#### [WORK REQUIRED]
Each entry should be set down again verbatim, with the images omitted.

-------- ENTRIES SHOWN --------

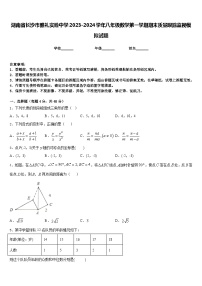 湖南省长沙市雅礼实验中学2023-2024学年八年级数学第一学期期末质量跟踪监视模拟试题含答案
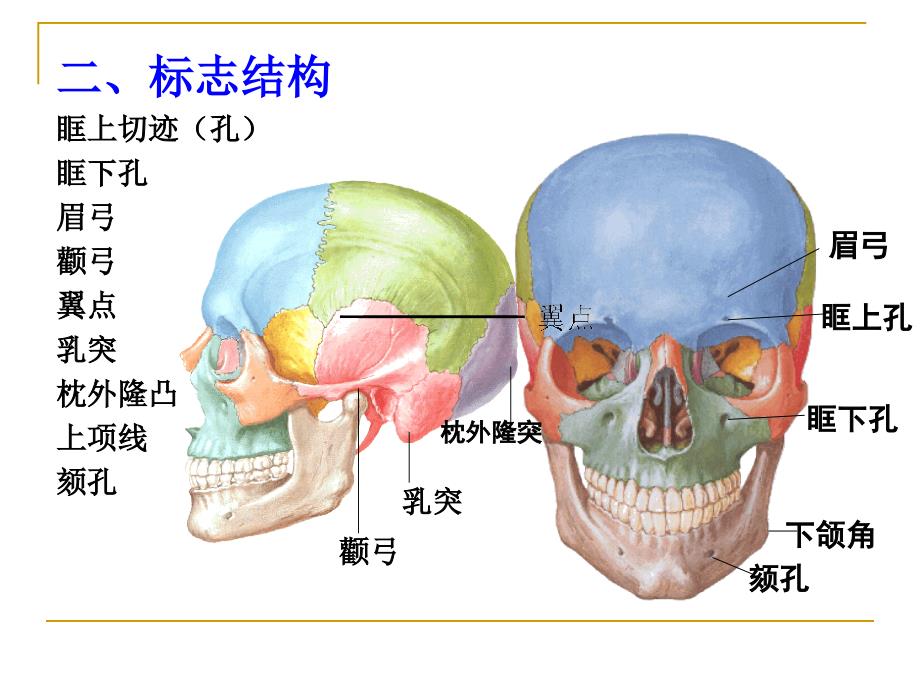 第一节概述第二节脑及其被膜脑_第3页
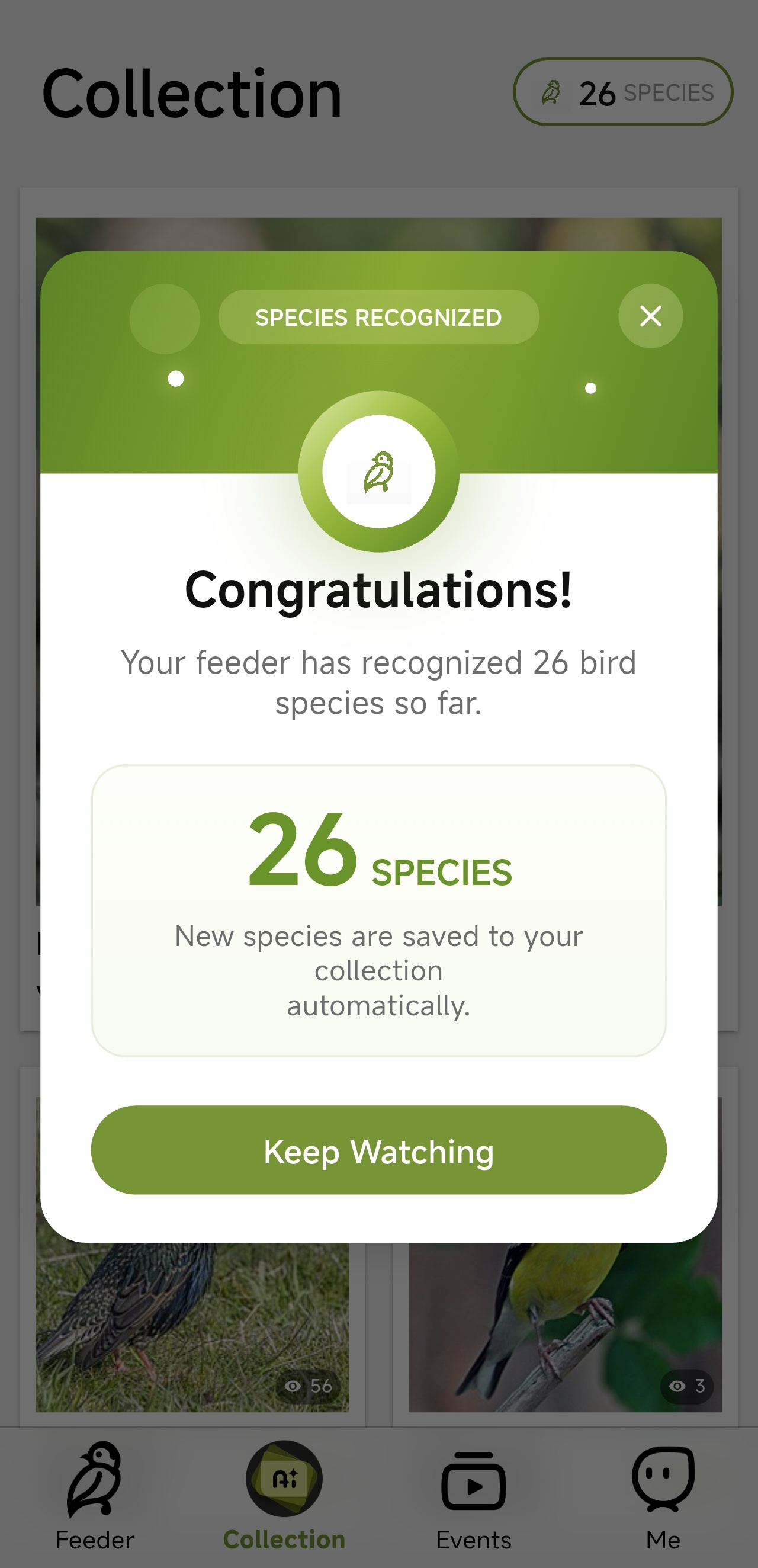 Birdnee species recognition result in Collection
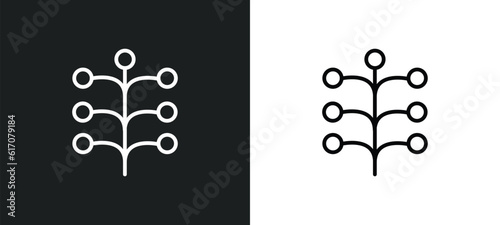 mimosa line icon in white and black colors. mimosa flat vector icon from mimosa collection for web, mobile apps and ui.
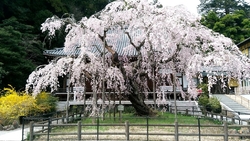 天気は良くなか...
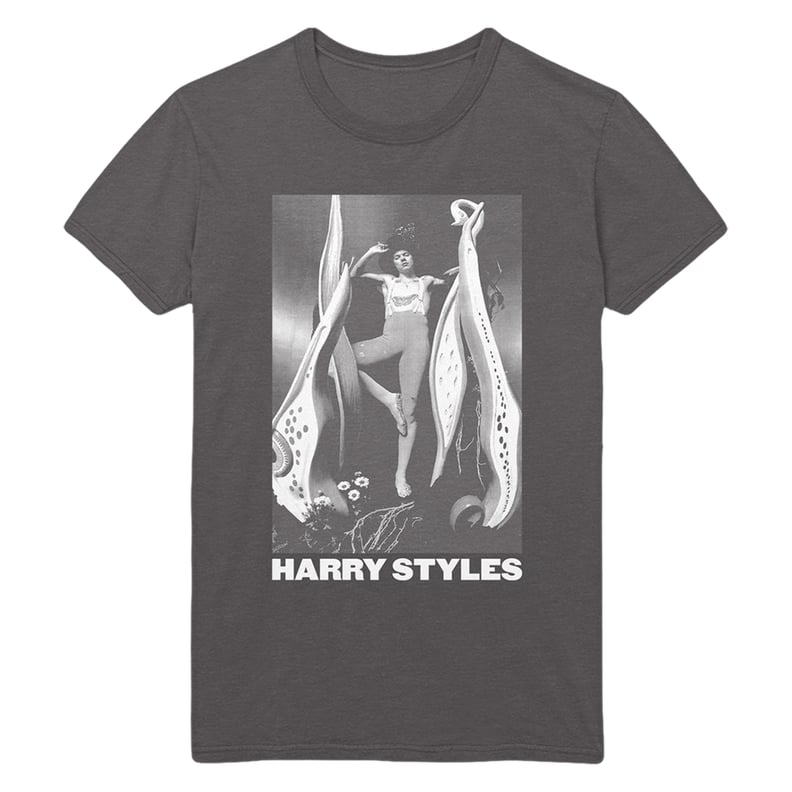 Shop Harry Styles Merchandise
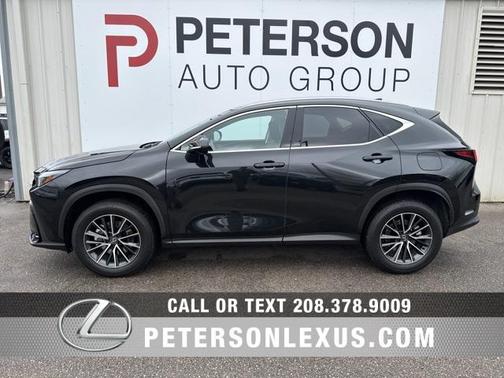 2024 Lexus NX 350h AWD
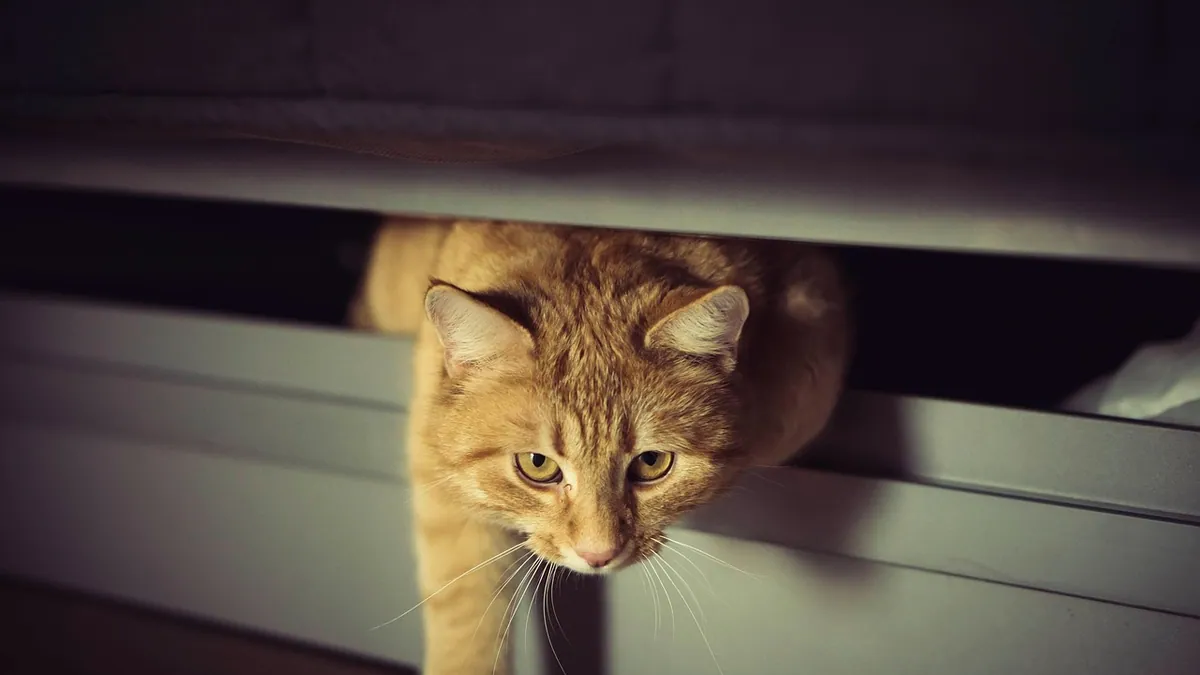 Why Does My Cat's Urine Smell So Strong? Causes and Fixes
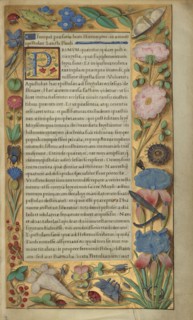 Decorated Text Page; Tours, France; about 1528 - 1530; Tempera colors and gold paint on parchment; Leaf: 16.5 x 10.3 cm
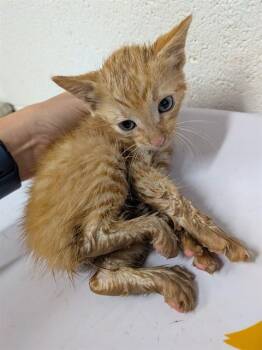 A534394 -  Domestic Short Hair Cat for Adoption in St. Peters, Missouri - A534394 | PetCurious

--------

#### [RESULT]
 湖南省长沙市雅礼实验中学2023-2024学年八年级数学第一学期期末质量跟踪监视模拟试题含答案
 第一节概述第二节脑及其被膜脑_第3页
 Birdnee species recognition result in Collection
 mimosa line icon in white and black colors. mimosa flat vector icon from mimosa collection for web, mobile apps and ui.
 天気は良くなか...
 Shop Harry Styles Merchandise
 2024 Lexus NX 350h AWD
 Why Does My Cat's Urine Smell So Strong? Causes and Fixes
 Decorated Text Page; Tours, France; about 1528 - 1530; Tempera colors and gold paint on parchment; Leaf: 16.5 x 10.3 cm
 A534394 -  Domestic Short Hair Cat for Adoption in St. Peters, Missouri - A534394 | PetCurious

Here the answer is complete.